5.  Geology Technology Modelling and Matching: Geology/technology modelling and matching matches the “best available technology” to a given play with the result that the expected ultimate recovery (EUR) per well is increased.

6.  More Effective, Lower Damage Well Completion and Stimulation Technology: Improved drilling and completion technology improves fracture length and conductivity, resulting in increased EUR’s per well.

7.  Targeted Drilling and Hydraulic Fracturing R&D:  Targeted drilling and hydraulic fracturing R&D results in more efficient drilling and stimulation which lowers well drilling and stimulation costs.

8.  New Practices and Technology for Gas and Water Treatment: New practices and technology for gas and water treatment result in more efficient gas separation and water disposal which lowers water and gas treatment operation and maintenance (O&M) costs.

9.  Advanced Well Completion Technologies such as Cavitation, Horizontal Drilling, and Multi-lateral Wells: R&D in advanced well completion technologies a) defines applicable plays, thereby accelerating the date such technologies are available and b) introduces an improved version of the particular technology, which increases EUR per well.
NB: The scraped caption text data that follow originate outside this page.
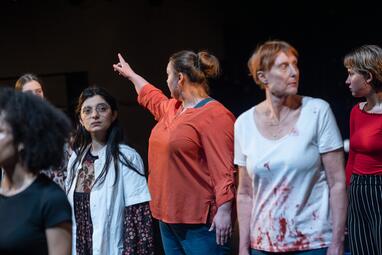 Vergrößerte Ansicht von Einige Frauen stehen eng beieinander und schauen in verschiedene Richtungen. Eine von ihnen streckt hren Arm in die linke Blickrichtung und zeigt auf ein uns unbekanntes Ziel.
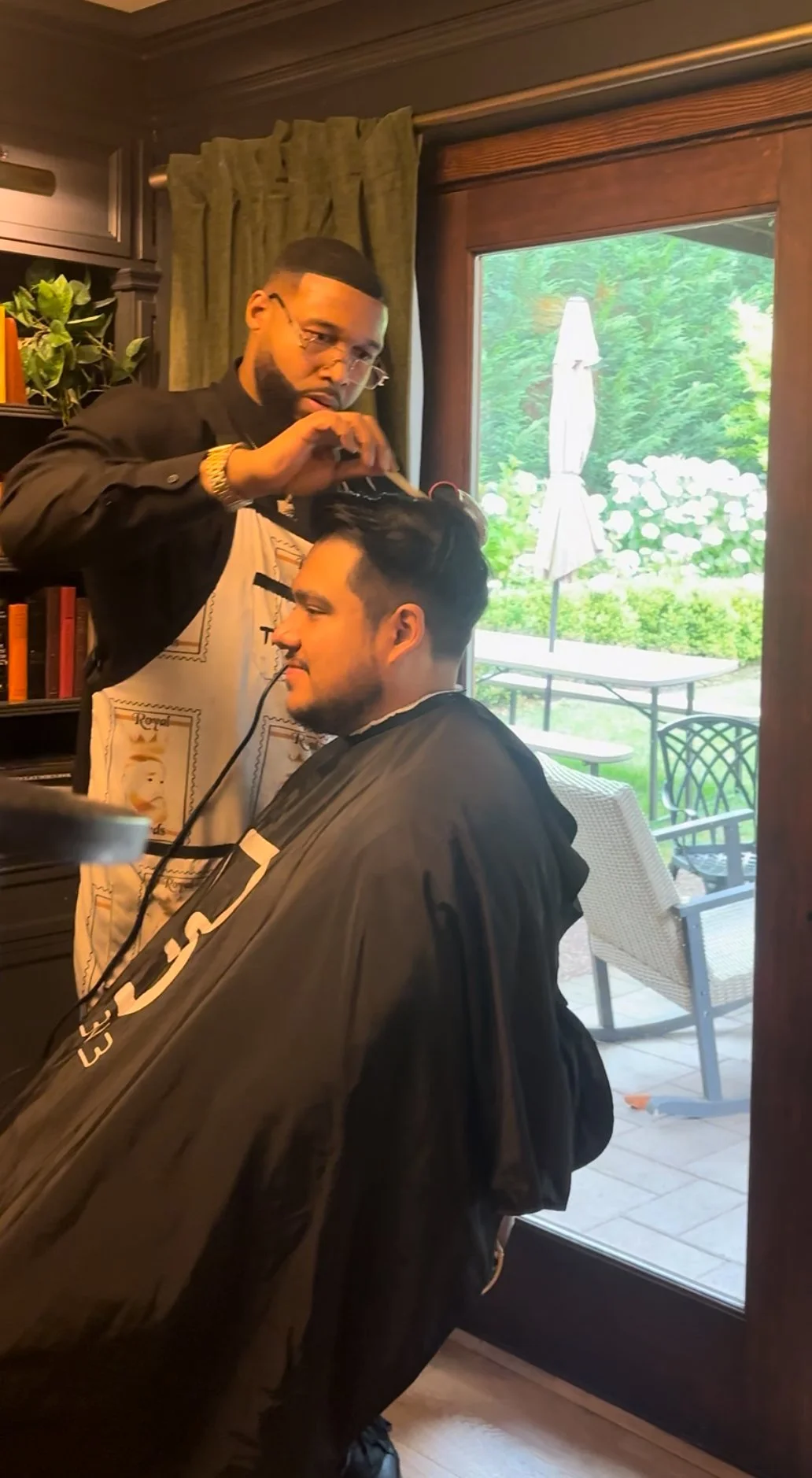 Groom receiving on-location grooming services on wedding day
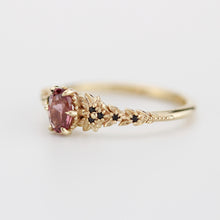 Load image into Gallery viewer, Rhodolite Garnet Engagement Ring in 18k Gold, Black Diamond Leaf Band, Oval Garnet Petal Setting, Handmade Nature-Inspired Jewelry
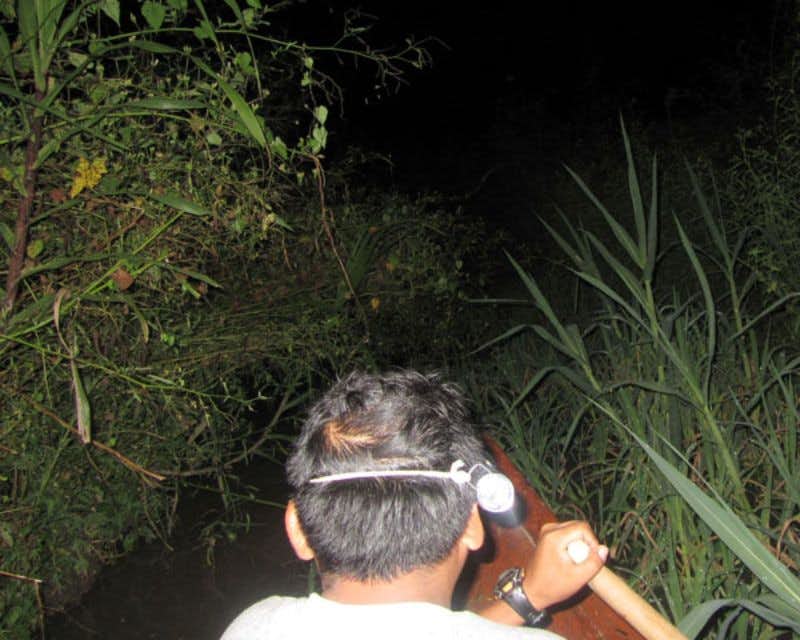 O homem navega de canoa à noite através do rio Amazonas na selva de Iquitos.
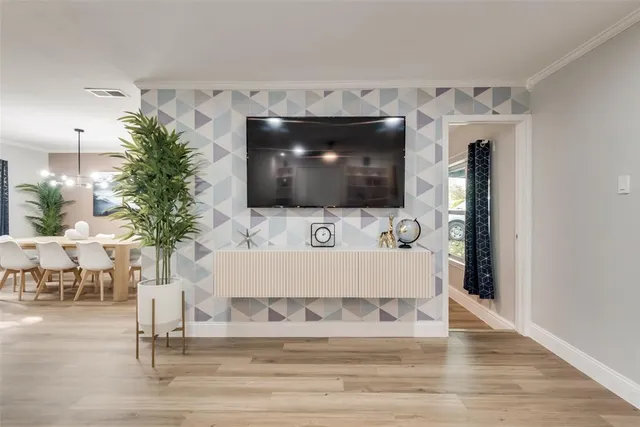 a living room with furniture kitchen view and a flat screen tv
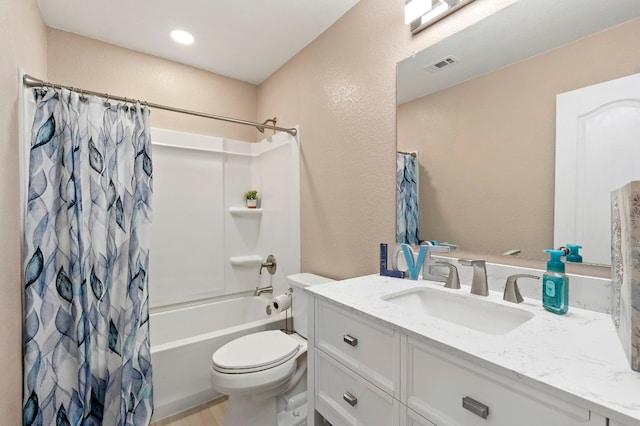 bathroom with visible vents, a textured wall, toilet, shower / bath combo with shower curtain, and vanity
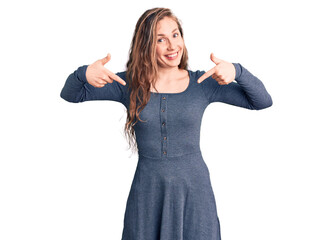 Young beautiful blonde woman wearing casual dress looking confident with smile on face, pointing oneself with fingers proud and happy.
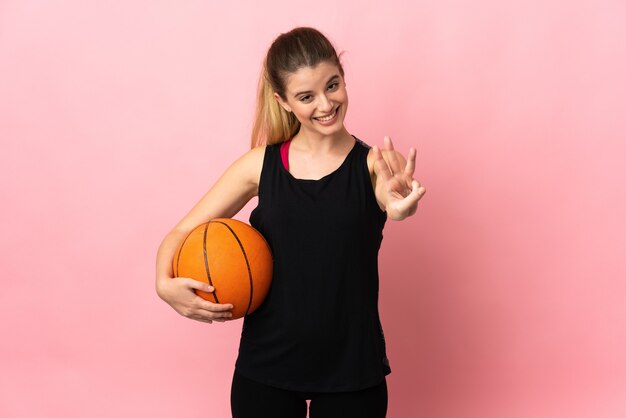 Jeune femme blonde jouant au basket isolé sur fond rose heureux et en comptant trois avec les doigts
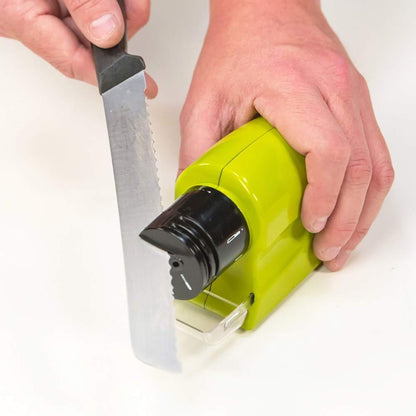 Wukusy 135 cordless motorized knife blade sharpener tool for kitchen use, showing the compact device with sharpening components.
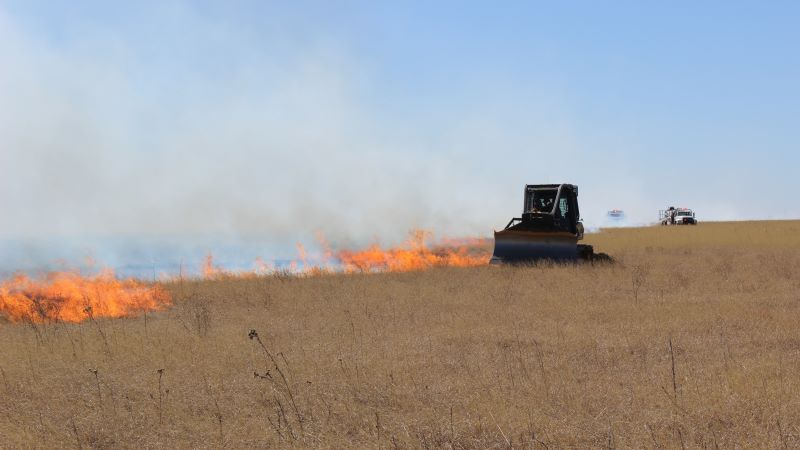 Grass field with fire burning and dozer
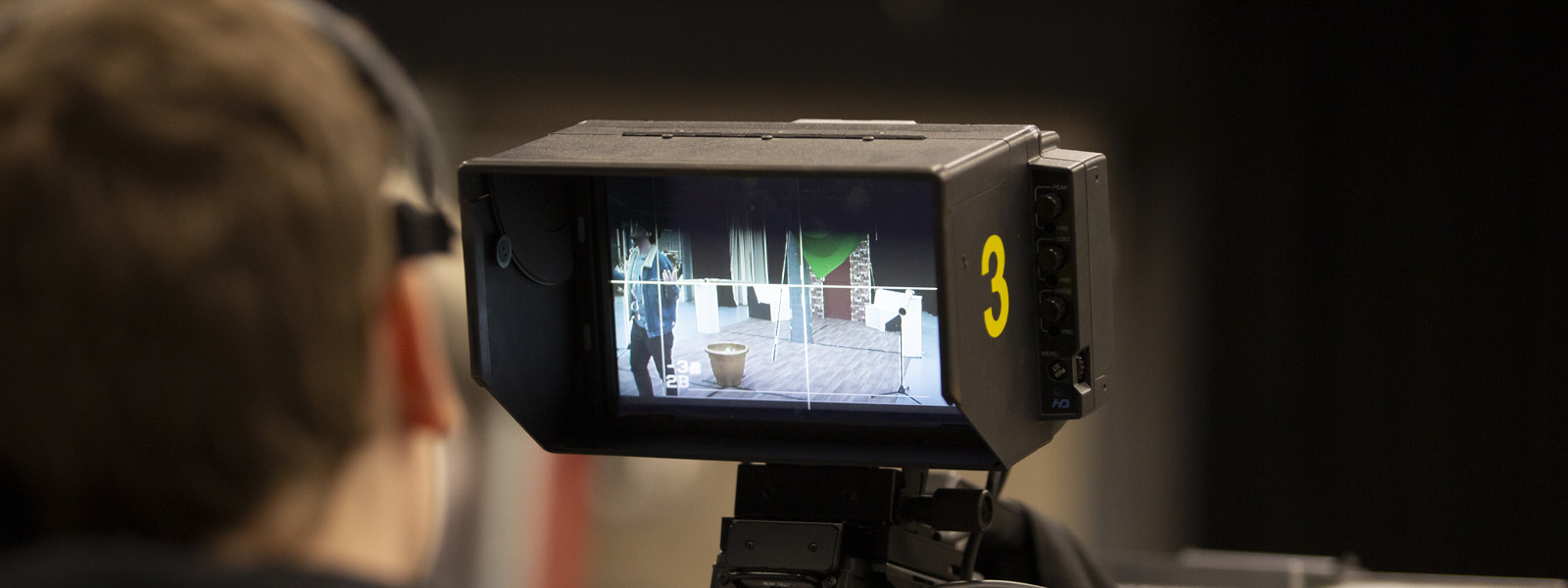 A student looking through the lens of a television camera in a studio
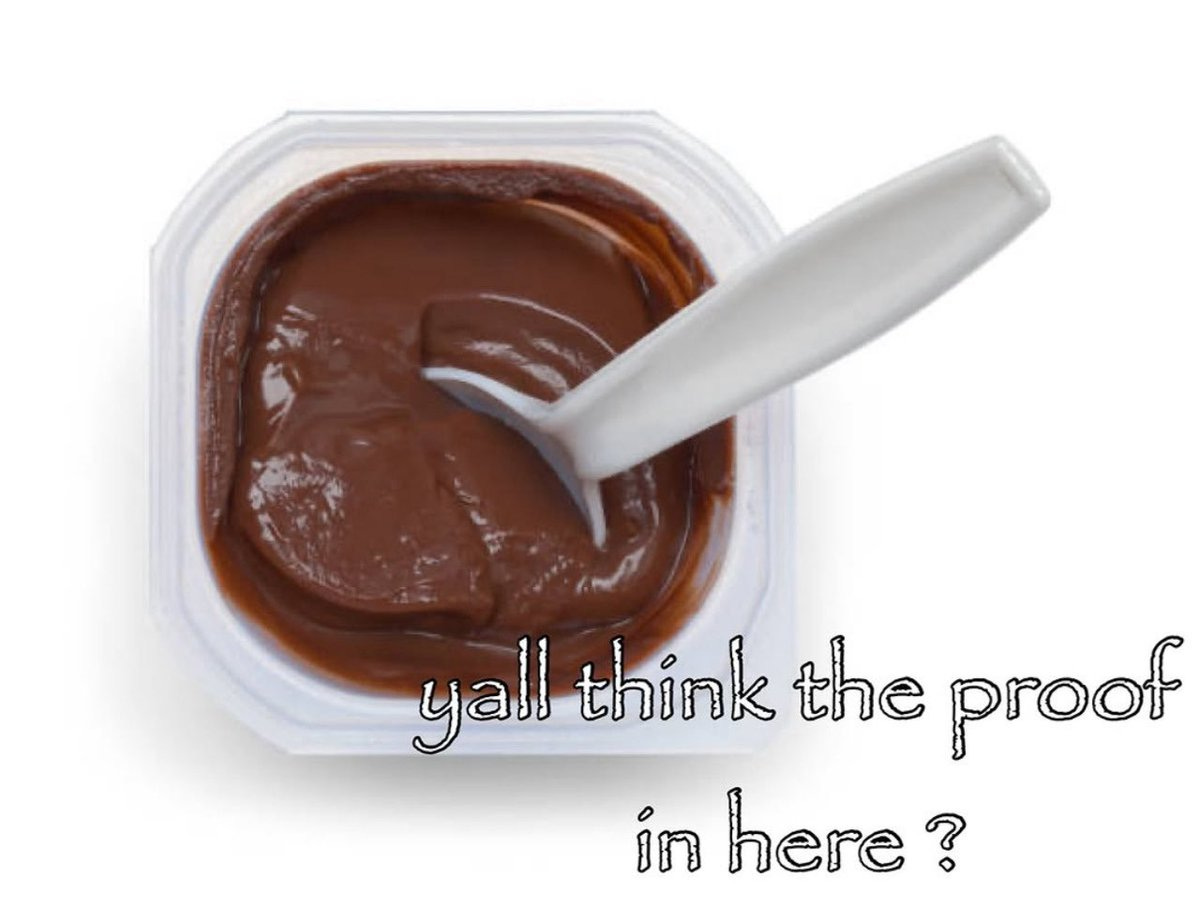 A plastic container of chocolate pudding with a white plastic spoon inserted into it. The pudding is smooth and brown, filling the container.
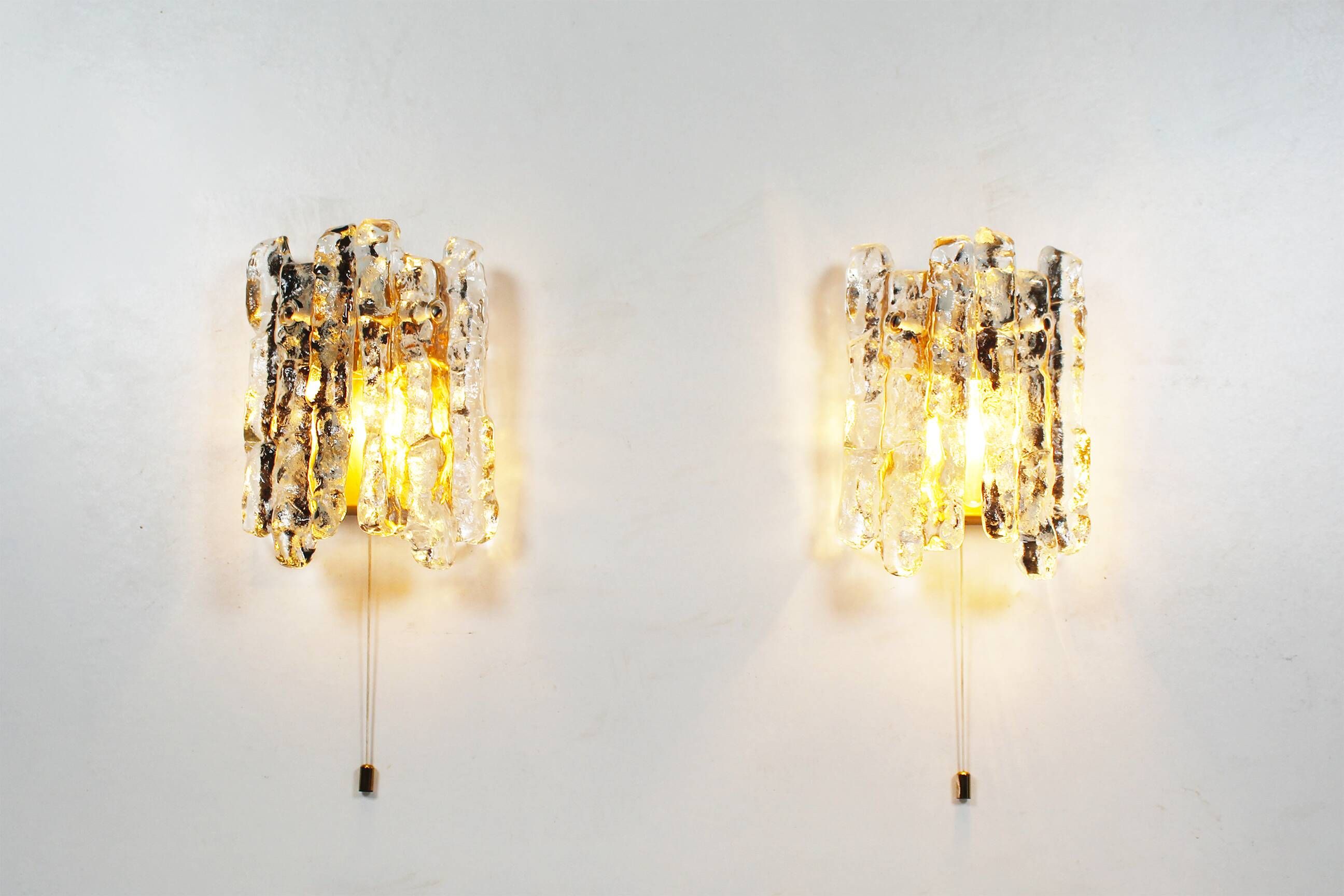 Set of two brass and heavy ice glass sconces by Kalmar, Austria 1970’s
10.  Other Unconventional Gas Technologies, such as Enhanced Coalbed Methane and Enhanced Gas Shales Recovery: Other unconventional gas technologies introduce dramatically new recovery methods that a) increase EUR per well and b) become available at dates accelerated by increased R&D with c) increased operation and maintenance (O&M) costs (in the case of Coalbed Methane) for the incremental gas produced.

11.  Mitigation of Environmental Constraints: Environmental mitigation removes development constraints in environmentally sensitive basins, resulting in an increase in basin areas available for development.